Algeria ‘fed false information’ about terror suspect

Algeria ‘fed false information’ about terror suspect

May, 24, 2006,

The British Security Services were fed false information by the Algerian authorities about a terror suspect who was later charged with a deadly poison plot on Britain, a tribunal was told on Wednesday.

Despite being cleared of conspiring in the ricin plot the 35-year-old suspect, identified only as Y, has extensive links to Islamic extremists and should be deported to his native Algeria, the Home Secretary argues.

Y is fighting deportation at the Special Immigration Appeal Commission in London saying it would breach his human rights if he was deported. The British Government claim he is a threat to national security.

A secret informant used by the British to gather information about Y probably had the « words placed in his mouth by the Algerian military service », Ben Emmerson QC, for Y, told the hearing.

Considering that the informant had been illegally held for more than 12 days by the DRS, Algeria’s military intelligence service, and was allegedly beaten by them, his evidence against Y « falls in credibility and reliability », Mr Emmerson claimed.

He said: « There has been manipulation and subterfuge by the Algerian authorities to create the information that they were feeding to their British counterparts that can only cast doubt upon the information from this man. »

Mr Emmerson noted: « The British position was not to ask questions about the informer in case the information dried up. »

His information was littered with « inconsistencies », Mr Emmerson said.

He argued: « It cannot be overlooked that they put words into the mouth of the informer as part of the unprovinenced and unsourced material at the outset because the Algerian authorities had viewed him (Y) as someone of interest to them and wanted to bring him into the view of the British authorities. This is a man the Algerian security services are very keen to get their hands on and have been for a long time. »

Y was arrested in January 2003 but cleared with three others at the Old Bailey in April 2005 of conspiring to use ricin.

In his absence in 1997 and 1998, Y was sentenced to death and life imprisonment by an Algerian court for terror offences.

He was found guilty of creating an armed terrorist group prejudicing security.

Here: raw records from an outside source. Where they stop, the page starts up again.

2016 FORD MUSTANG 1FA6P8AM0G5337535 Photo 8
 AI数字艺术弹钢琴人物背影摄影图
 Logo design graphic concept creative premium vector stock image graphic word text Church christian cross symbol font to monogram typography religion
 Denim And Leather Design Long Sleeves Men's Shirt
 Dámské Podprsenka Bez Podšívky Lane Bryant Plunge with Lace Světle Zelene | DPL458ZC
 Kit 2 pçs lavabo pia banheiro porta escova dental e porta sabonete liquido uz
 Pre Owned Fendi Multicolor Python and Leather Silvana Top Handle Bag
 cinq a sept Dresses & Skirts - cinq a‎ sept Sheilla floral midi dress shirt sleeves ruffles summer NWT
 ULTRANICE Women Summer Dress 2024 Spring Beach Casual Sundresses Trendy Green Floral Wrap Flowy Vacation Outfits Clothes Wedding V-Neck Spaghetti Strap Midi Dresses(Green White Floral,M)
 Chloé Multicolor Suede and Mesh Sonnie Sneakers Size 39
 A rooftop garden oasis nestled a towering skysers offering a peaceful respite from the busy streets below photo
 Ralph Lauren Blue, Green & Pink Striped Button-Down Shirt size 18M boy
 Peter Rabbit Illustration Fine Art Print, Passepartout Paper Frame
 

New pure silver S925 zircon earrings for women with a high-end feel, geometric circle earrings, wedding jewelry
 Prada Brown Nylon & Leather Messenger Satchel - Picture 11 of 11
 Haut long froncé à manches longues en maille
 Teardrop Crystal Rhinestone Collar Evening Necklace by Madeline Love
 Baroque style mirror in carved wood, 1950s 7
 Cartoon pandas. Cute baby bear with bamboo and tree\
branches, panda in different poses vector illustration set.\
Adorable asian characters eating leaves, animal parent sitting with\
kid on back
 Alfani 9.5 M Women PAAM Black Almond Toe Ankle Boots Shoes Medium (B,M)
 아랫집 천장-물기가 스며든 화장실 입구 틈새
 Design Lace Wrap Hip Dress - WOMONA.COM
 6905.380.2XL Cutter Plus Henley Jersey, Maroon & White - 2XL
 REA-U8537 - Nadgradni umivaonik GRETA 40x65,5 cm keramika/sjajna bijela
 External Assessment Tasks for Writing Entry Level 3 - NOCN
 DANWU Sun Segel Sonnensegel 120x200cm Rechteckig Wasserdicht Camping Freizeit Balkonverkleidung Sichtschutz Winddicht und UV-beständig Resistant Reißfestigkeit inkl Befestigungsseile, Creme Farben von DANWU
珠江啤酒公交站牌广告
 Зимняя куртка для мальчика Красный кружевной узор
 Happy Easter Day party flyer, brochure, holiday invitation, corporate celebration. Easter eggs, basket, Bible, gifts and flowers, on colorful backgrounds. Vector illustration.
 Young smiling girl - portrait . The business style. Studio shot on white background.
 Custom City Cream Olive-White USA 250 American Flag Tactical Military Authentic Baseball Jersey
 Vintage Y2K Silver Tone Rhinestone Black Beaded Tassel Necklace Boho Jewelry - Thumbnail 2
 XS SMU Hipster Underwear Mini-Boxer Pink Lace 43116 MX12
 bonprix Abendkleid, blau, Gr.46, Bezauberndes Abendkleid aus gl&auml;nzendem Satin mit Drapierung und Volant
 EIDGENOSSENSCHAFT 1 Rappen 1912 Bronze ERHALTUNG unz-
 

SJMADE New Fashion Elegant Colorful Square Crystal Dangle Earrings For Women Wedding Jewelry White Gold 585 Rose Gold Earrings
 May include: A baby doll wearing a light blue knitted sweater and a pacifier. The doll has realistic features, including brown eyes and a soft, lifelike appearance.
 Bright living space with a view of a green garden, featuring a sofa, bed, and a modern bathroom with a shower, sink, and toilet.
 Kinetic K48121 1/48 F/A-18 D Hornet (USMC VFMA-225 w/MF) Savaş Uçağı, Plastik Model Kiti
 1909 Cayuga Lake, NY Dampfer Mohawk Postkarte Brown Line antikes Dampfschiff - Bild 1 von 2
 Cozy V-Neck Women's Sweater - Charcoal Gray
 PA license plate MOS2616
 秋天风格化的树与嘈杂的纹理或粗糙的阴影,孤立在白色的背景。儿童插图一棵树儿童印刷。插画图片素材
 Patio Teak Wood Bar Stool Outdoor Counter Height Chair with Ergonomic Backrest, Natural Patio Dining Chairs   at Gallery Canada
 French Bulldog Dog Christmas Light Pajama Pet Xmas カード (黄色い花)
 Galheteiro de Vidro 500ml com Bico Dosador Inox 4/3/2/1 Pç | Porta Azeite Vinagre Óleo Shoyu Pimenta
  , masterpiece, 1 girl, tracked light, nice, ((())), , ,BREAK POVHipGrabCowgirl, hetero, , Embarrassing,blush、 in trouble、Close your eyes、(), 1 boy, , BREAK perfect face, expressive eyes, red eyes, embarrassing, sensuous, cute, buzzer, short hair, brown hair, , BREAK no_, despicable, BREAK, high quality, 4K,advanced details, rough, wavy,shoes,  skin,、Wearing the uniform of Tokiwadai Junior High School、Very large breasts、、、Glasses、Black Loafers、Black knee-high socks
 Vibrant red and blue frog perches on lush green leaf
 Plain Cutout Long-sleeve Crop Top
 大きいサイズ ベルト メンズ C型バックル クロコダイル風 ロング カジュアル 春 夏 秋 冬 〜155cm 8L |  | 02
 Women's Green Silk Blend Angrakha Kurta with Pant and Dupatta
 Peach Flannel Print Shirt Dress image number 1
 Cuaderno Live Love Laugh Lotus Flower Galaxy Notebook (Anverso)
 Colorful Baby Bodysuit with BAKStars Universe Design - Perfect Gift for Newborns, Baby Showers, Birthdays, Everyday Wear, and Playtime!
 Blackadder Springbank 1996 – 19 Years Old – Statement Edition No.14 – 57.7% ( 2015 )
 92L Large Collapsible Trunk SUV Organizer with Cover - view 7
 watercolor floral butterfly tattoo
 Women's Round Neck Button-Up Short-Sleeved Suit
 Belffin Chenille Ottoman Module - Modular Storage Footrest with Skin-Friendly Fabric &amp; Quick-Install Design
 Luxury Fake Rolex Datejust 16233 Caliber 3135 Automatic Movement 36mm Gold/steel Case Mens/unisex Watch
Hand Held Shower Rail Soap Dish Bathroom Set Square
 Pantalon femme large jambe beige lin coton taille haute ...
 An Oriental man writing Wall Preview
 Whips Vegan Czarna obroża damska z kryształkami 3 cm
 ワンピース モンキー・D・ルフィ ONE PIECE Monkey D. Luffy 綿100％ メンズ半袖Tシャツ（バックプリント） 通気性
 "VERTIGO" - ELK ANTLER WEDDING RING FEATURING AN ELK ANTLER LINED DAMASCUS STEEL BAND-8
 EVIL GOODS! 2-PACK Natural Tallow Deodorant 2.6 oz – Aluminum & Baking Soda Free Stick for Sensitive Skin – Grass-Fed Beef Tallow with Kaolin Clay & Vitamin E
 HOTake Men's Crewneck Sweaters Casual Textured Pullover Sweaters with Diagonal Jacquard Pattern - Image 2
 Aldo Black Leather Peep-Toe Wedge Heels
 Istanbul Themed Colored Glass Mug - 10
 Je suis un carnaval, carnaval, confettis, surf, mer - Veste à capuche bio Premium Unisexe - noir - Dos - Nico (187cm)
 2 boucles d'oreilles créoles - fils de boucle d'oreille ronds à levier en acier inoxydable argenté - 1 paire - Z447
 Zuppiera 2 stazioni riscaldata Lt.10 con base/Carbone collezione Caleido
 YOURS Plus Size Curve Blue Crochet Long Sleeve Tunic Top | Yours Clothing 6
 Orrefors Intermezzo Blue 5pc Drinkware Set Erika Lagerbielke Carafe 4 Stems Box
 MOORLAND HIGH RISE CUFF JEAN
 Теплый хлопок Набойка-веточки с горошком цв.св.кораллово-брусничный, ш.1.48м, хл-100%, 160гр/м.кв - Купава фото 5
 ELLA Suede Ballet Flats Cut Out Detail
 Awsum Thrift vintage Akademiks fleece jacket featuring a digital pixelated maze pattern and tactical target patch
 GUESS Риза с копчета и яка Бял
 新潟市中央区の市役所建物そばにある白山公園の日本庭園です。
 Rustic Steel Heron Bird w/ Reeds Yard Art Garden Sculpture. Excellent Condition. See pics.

Further information about these convictions cannot be obtained from the Algerian authorities, Mr Emmerson said, adding: « This puts him in the front line to receive arbitrary detention, unfair trial, and even death (if deported). »

Y insists he is not guilty of the two offences of which he has been convicted. Huge doubt remains on whether any amnesty in Algeria would apply to him anyway because he has not confessed to any crime, Mr Emmerson argued.

The hearing was adjourned to June 23.